What to produce
In the listing that follows, the range to quote begins at the line that has "SMITH Smith Squad" and ends after the line that has "Nanwei 12v Cordless"; quote it verbatim and add nothing.

Data for this task
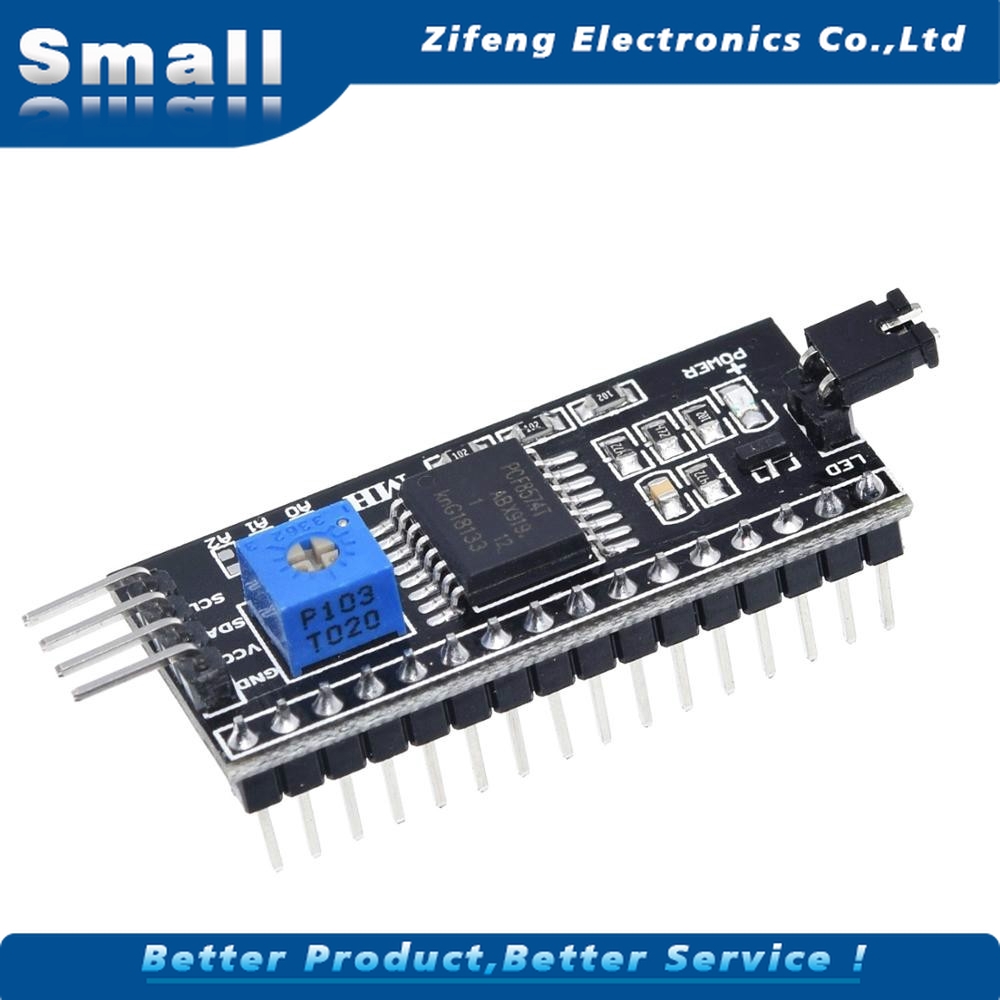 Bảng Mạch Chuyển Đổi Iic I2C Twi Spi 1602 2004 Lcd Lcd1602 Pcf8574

---

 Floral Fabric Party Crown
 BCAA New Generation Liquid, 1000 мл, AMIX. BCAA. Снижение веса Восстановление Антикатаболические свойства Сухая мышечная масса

--

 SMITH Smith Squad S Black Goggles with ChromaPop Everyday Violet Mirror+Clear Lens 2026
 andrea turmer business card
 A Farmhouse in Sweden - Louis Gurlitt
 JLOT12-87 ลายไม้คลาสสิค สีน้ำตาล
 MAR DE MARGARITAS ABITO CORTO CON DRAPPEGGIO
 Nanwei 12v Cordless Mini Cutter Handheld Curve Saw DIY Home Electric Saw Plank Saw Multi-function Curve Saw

Result of the task
 SMITH Smith Squad S Black Goggles with ChromaPop Everyday Violet Mirror+Clear Lens 2026
 andrea turmer business card
 A Farmhouse in Sweden - Louis Gurlitt
 JLOT12-87 ลายไม้คลาสสิค สีน้ำตาล
 MAR DE MARGARITAS ABITO CORTO CON DRAPPEGGIO
 Nanwei 12v Cordless Mini Cutter Handheld Curve Saw DIY Home Electric Saw Plank Saw Multi-function Curve Saw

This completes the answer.